The Narendra Modi government had set an initial target of installing 175 GW of renewable energy capacity, including wind, solar, and hydro, by 2022. It increased this target later to 450 GW by 2030.
“While 100 GW has been installed, 50 GW is under installation and 27 GW is under tendering. India has also enhanced its ambition to install 450 GW of renewable energy capacity by 2030. If large hydro is included the installed RE capacity increases to 146 GW,” the statement said.
The announcement comes days after the Intergovernmental Panel on Climate Change (IPCC) released a damning report on the state of global warming across the world. “Many changes due to past and future greenhouse gas emissions are irreversible for centuries to millennia, especially changes in the ocean, ice sheets and global sea level,” it said.
India’s renewable energy targets mark a shift from its reliance on fossil fuels, which emit large amounts of carbon dioxide.
India’s green goals
In the 2015 Paris Agreement, India pledged to generate 40 per cent of India’s power through renewable energy, and create a carbon sink capable of absorbing 2.5 billion-3 billion tonnes of carbon dioxide through additional forest and tree cover.
It also made a commitment to reduce greenhouse gas emissions by 33 to 35 per cent of its intensity of GDP below 2005 levels. However, India has resisted pressure from the West to cut down its emissions to net zero, saying it is an unfair demand.
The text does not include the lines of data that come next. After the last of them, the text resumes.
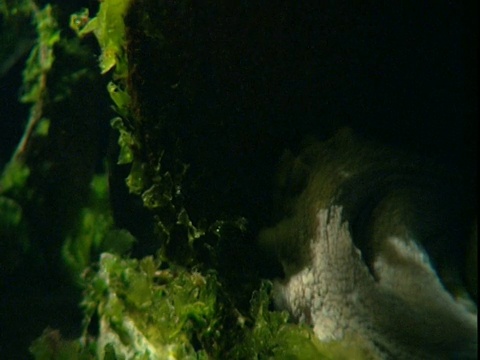 一只章鱼躺在海藻床上。视频素材
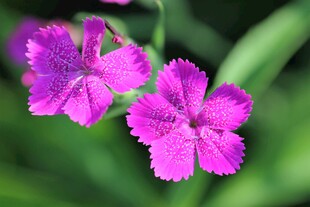 两朵紫花清新特写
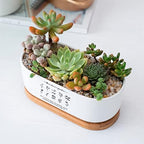 Personalized Birth Month Flower Plant Pot with Kids Names,Custom Grandma's Garden Ceramic Succulent Planter with Bamboo Tray Indoor Outdoor Home Decor Plants, for Mom Grandma,A2 - Image 4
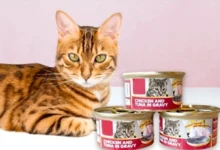 cat sitting with 3 canned cat food boxes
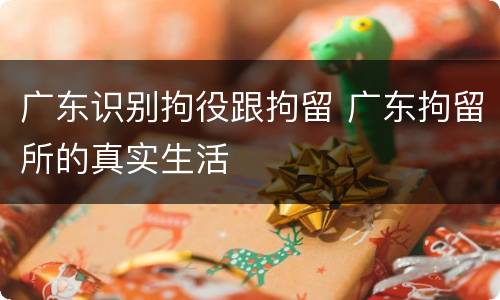 广东识别拘役跟拘留 广东拘留所的真实生活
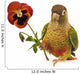 Green-cheeked Conure Wall Decal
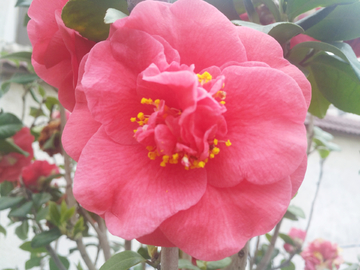 茶花
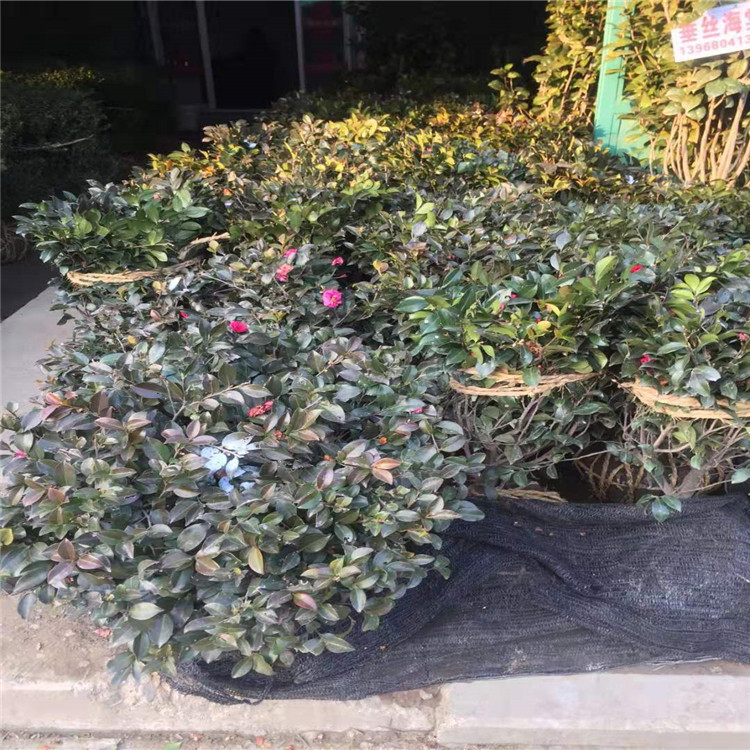 微信图片_20190924001000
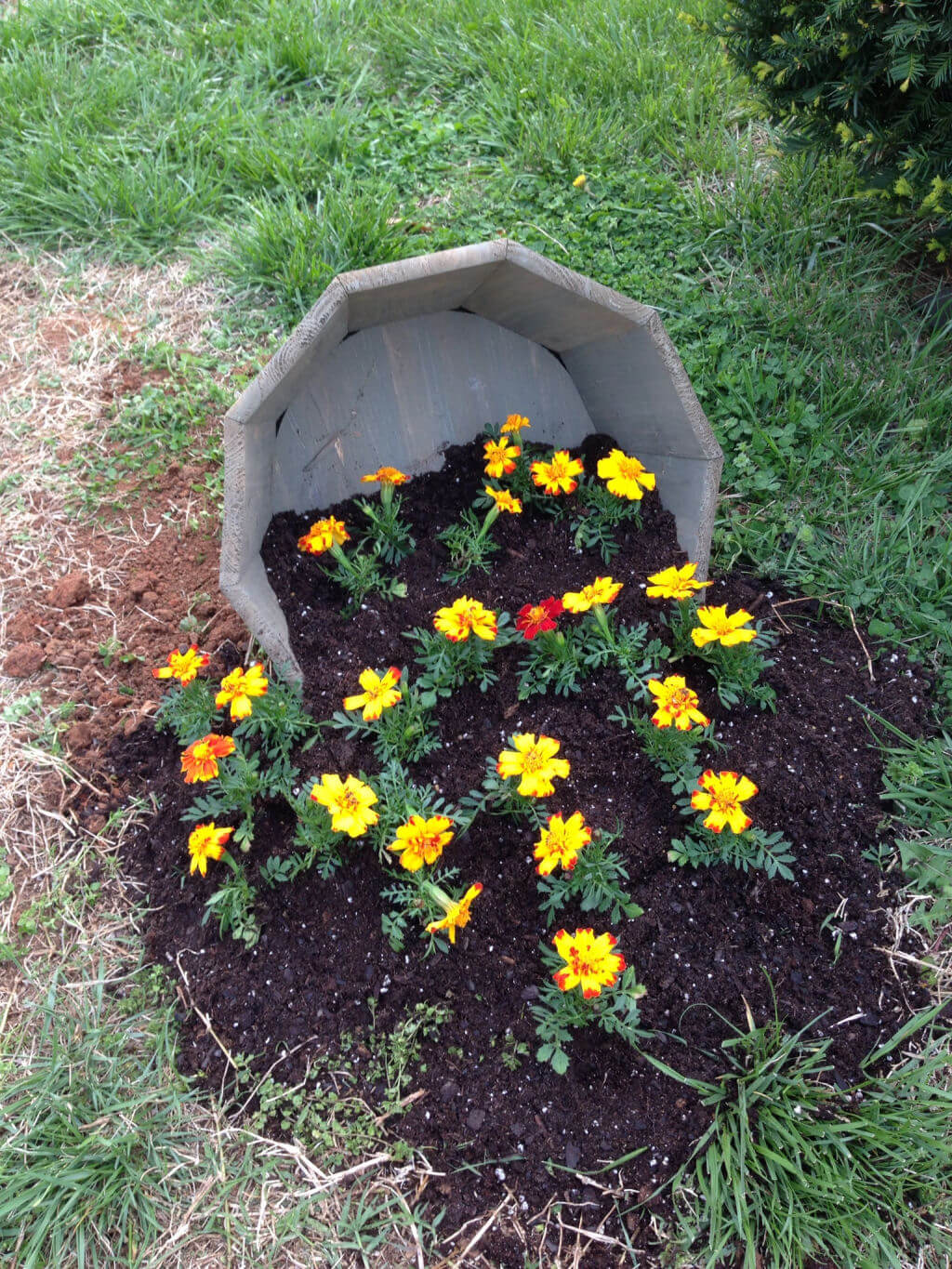 Spilled Flower Pot Idea with Marigolds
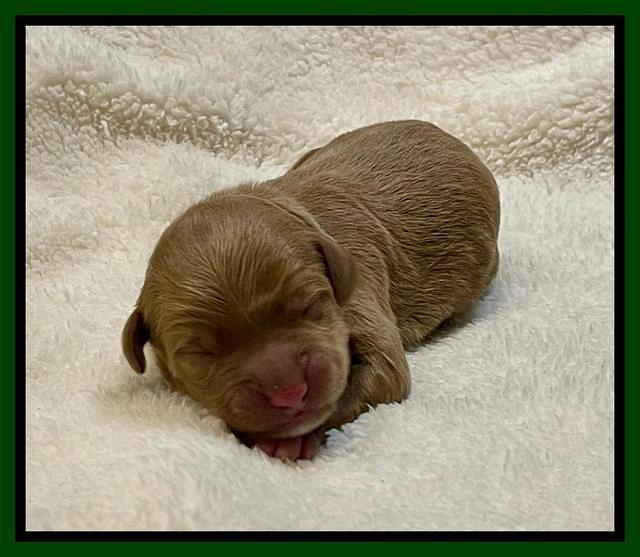 Misha Rebel Newborn 51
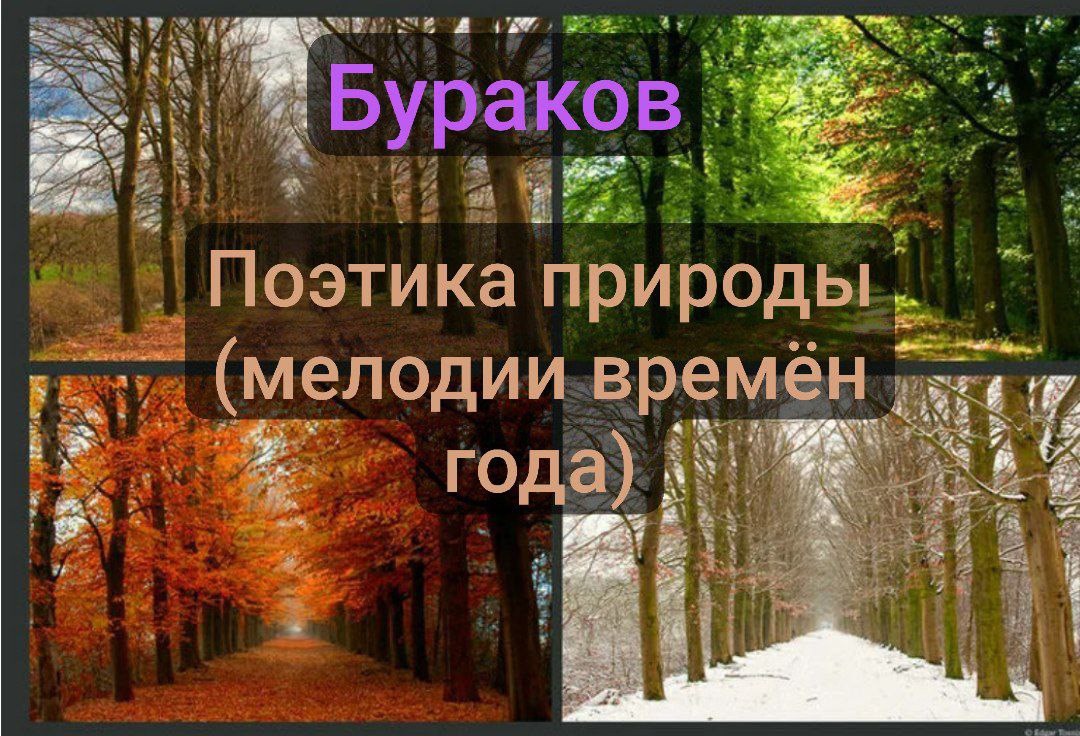 Поэтика природы мелодии времён года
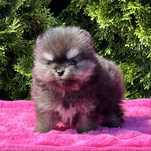 ***Szpic miniaturowy,pomeranian-cudna maleńka dziewczynka***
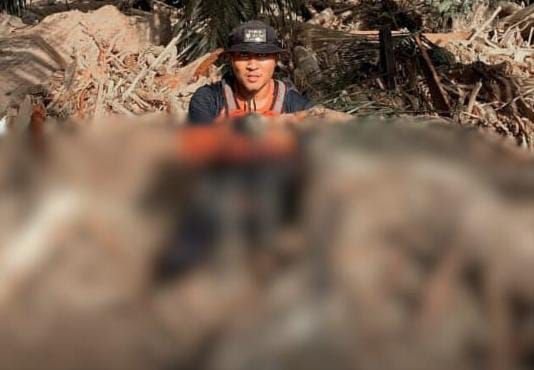 Tragis, Orangutan Tapanuli Ditemukan Mati Saat Relawan SAR Susuri Lokasi Banjir dan Longsor di Garoga Tapsel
In its report, the IPCC said temperatures would continue to rise well above the 2 deg Celsius limit (above pre-industrial levels), “unless deep reductions in CO2 and other greenhouse gas emissions occur in the coming decades”.
In a statement on 9 August, the government said the report “vindicated” India’s position that “historical cumulative emissions” were the source of the world’s warming climate, and said it was well on its way to achieving its 2015 Paris Agreement goals.
The government added it had taken many measures to reduce emissions, such as, “setting up of International Solar Alliance, Coalition for Disaster Resilient Infrastructure, raising the domestic renewable energy target to 450 GW by 2030 and putting in place an ambitious National Hydrogen Mission and continuing efforts to decouple its emissions from economic growth”.